On the shelf with a broken arm, Griffin had decided he had had enough of the fight game.  The injuries – major and minor, the low pay, the physical and mental strain, why bother?  He had a degree, a good job, a girlfriend; he didn’t need the fight game.

But the phone would ring again, and Griffin would push everything in his life to the side – the job, the girlfriend, the degree – for the opportunity of a lifetime, to appear on “The Ultimate Fighter” series.  He would spend two months in a fishbowl with the entire nation watching, all for the remote possibility that he would be the last man standing in a house full of fighters.

He made it.

Not that it was easy; not that he didn’t have to fight through a nasty gash on his left eyebrow to get to the finals, but on April 9, Griffin was one win away from glory once again.  Fellow light heavyweight hopeful Stephan Bonnar stood across the Octagon from him, and neither fighter was willing to blink.

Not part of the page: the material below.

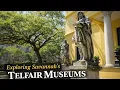 Telfair Museums - Savannah GA
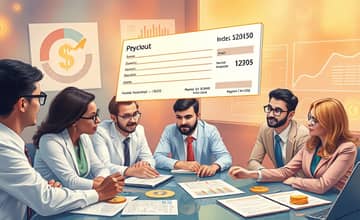 Decoding Your Paycheck: Maximizing Your Take-Home Pay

The ensuing 15 minutes encapsulated the best of what this sport has to offer, and the best of two fighters who fought as if their lives were at stake.  If you didn’t walk away from your television set a fan that night, I don’t know what to tell you.  About the only person disappointed with the three round war was the winner.

“I only watched it once,” admitted Griffin.  “I guess I kinda had to.  It was a hard, a lot of missed opportunities, and a lot of things where you know better.  You know you can do this or do that, but you don’t.  But the bottom line is I felt like I fought a great first round.  I felt like I came out and just started going at it.”

Bonnar eagerly accepted Griffin’s willingness to scrap, and the pattern and pace rarely changed throughout the bout.  Griffin took the first round and Bonnar rebounded in the second, leaving his foe bloodied from a cut on the bridge of his nose.  Did you expect anything less from Griffin?

“I don’t know, man,” chuckles Griffin.  “You need to get popped; you need to get a little bit of something.  It helps if you get backed into a corner.”

Backed into a corner by Bonnar’s attack and exhausted by the furious pace of the first ten minutes, Griffin’s chest visibly heaved for any air it could get, but he continued to fight, and the third round became as memorable as the first two, and at the end, even though Griffin got the decision, both he and Bonnar received UFC contracts.  It was the fight game’s rare happy ending, an exclamation point on the first part of a career that many will dub an overnight success.  Does Griffin see the irony in such a statement?

“Not really,” he said.  “I didn’t get here through all that hard work and winning fights nonsense; I got here through a TV game show, and I’m comfortable with that.”

He laughs, and now, he can afford to.

2005 and beyond

After the war with Bonnar, Forrest Griffin earned a break, but now that he has played doctor and removed his own stitches, it will be back to work in the gym.  He expects to make his proper UFC debut soon.

“It’s a strike while the iron is hot thing,” said Griffin.  “(UFC President) Dana (White) said go home, get started, get back in shape, and we’ll see.”  

Dare we ask for a rematch with Bonnar?

“Yeah, of course; it will be on pay-per-view though.”

From here on out, it’s all gravy, barring injury or an extended losing streak.  Griffin can devote all his time to training and fighting, as well as studying guys like the ones he watched last Saturday night – Liddell and Couture.

“I’ve been a good B-level fighter for a couple of years now, and I’ve been on that fringe,” said Griffin.  “I’ve fought decent guys, I’ve fought good guys.  I feel like I’ve been close to that level, and now I’m here; so now it’s just about making sure that I’m ready to be there, and that I deserve to be there.”

Guess that means no more police work back in Georgia, eh?

“I’ll be going back to that, but I’ll be going back when I’m all puffed and battered, with my tail between my legs,” said Griffin. “I’ll be coming back ‘please, please, I’m all beat up and I can’t fight anymore.  Give me my old job.’ But for now I’m doing this.”  

Welcome to the big show, Forrest Griffin.  MMA could use more fighters like you.

“If you say so,” and then he chuckles again.